This is another symptom of Google's extreme "let's make algorithms do what people usually did". In an effort to automate everything and minimize employee-customer interaction, Google creates automated systems that work correctly 90% of the time. The 10% of the time it doesn't work correctly, you're fucked, and there's no way to contact anyone at Google to dispute or fix things.

Google just doesn't care at this point, because trying to fix the remaining 10% apparently costs more than the resulting good user experience / satisfaction would generate. This is also very visible in AdSense and Gmail. I think Google just doesn't like edge-cases.

Highly relevant Dilbert comic: http://dilbert.com/strips/comic/2001-02-25/


This is another symptom of Google's extreme "let's make algorithms do what people usually did".

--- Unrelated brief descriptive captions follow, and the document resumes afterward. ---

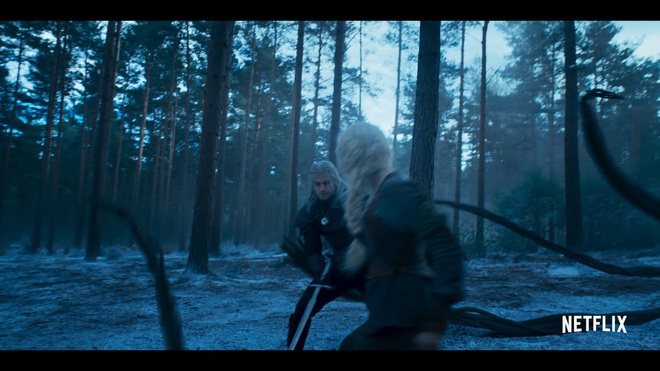 Soi trailer The Witcher mùa 2: Cha con Geralt song kiếm hợp bích đối đầu quái vật ma cây, siêu sát thủ chuyên săn lùng Ciri chính thức lộ diện - Ảnh 33. Soi trailer The Witcher mùa 2: Cha con Geralt song kiếm hợp bích đối đầu quái vật ma cây, siêu sát thủ chuyên săn lùng Ciri chính thức lộ diện - Ảnh 33.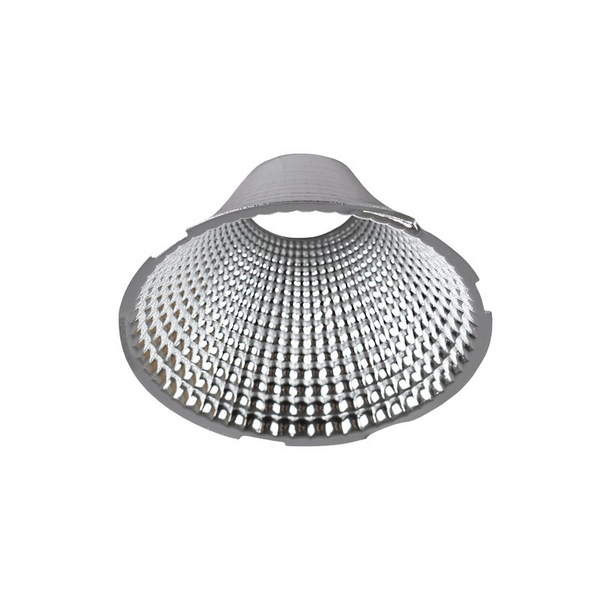 Optinen lisätarvike Hide-a-lite heijastin Optic Track S/M kiiltävä hopea 60°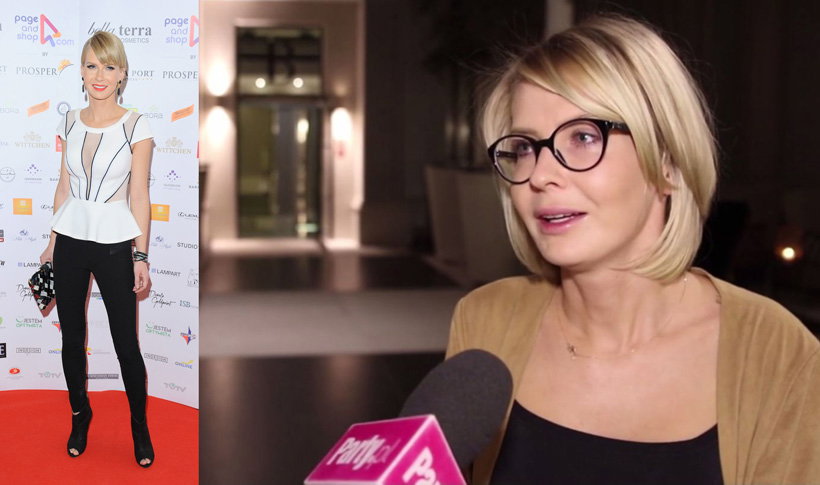 Edyta Pazura o swojej zgrabnej figurze
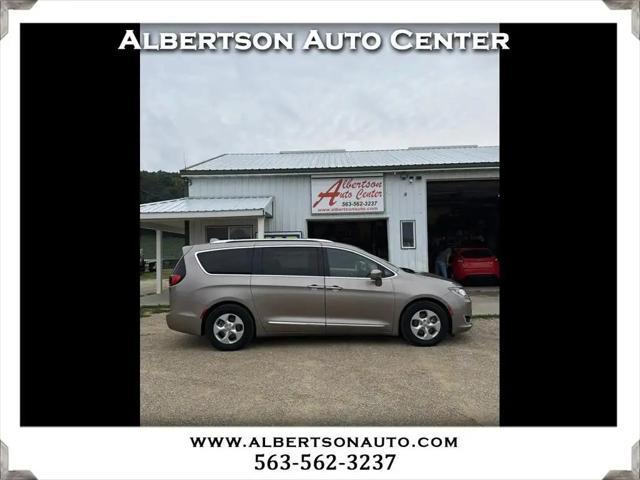2017 Chrysler Pacifica Touring-L Plus for sale in SPILLVILLE, IA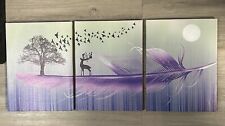 Feather canvas wall for sale  Carrollton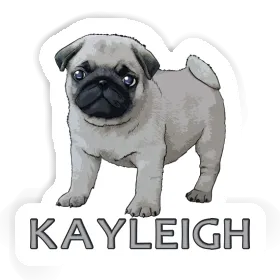 Sticker Pug Kayleigh Image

Actually humans can't process all the video uploaded to Youtube, and never did. Viacom sued them for $1,000,000,000 (billion) and more rights-holders were lining up behind them to do the same. Not just for money - a lot of very powerful companies wanted Youtube shut down for good, and were willing to throw real resources at making that happen. Google put ContentID in place to placate the rights-holders in order to save Youtube's existence. It would literally be sued into oblivion and no longer exist if it weren't for ContentID. So there are issues, but don't think Google just did this on a whim.


Of course not, but once you have edge cases like a dispute, there needs to be a human who can view both videos and check who is right, instead of just starting another automated system. There needs to be a system in place to punish those who wrongfully claim videos, and that probably needs human overview.


The DMCA, flawed as it is, would have saved YouTube's existence. They created ContentID to mollify the Content industry into playing nice and creating the dumping ground that is Vevo and letting their products appear in the Google Play store. Without Content ID, they surely would not be playing along with Google's media store plans.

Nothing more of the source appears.